> [Exercise directions]: Below is a listing with pictures in it. Copy it exactly without them.

> [Dataset extract]:
⟨

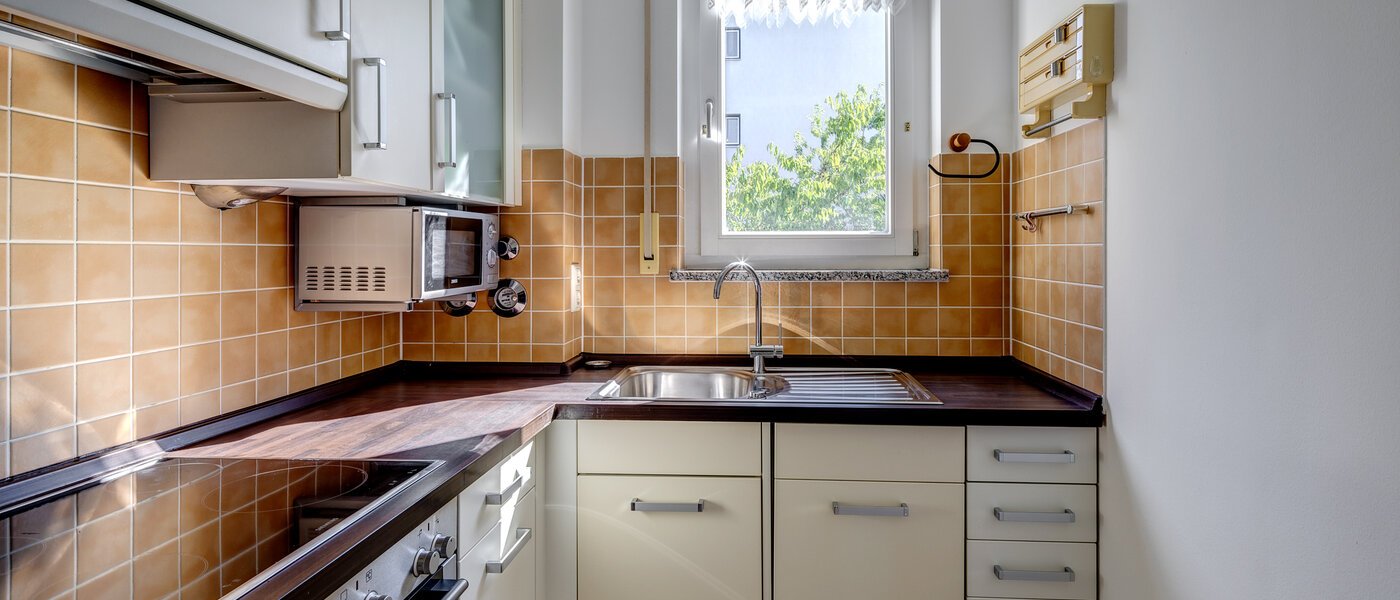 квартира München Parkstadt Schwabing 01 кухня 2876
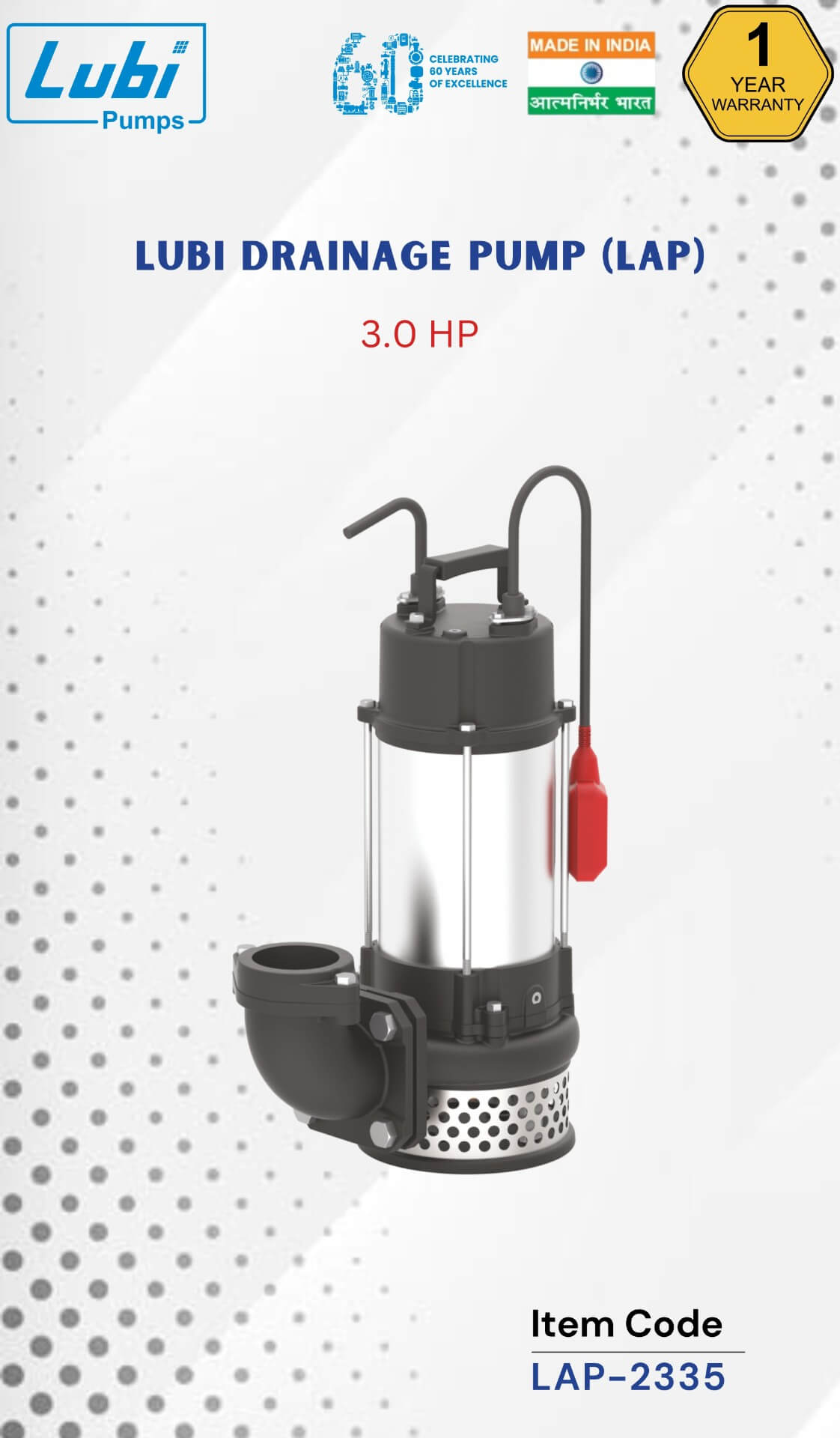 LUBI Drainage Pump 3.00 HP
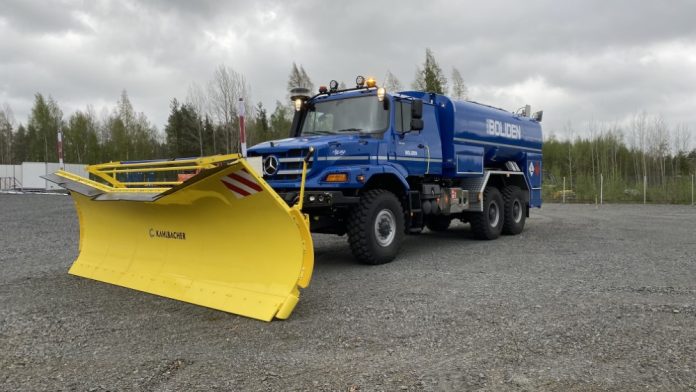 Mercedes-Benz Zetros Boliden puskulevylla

⟩

> [Task answer]:
 квартира München Parkstadt Schwabing 01 кухня 2876
 LUBI Drainage Pump 3.00 HP
 Mercedes-Benz Zetros Boliden puskulevylla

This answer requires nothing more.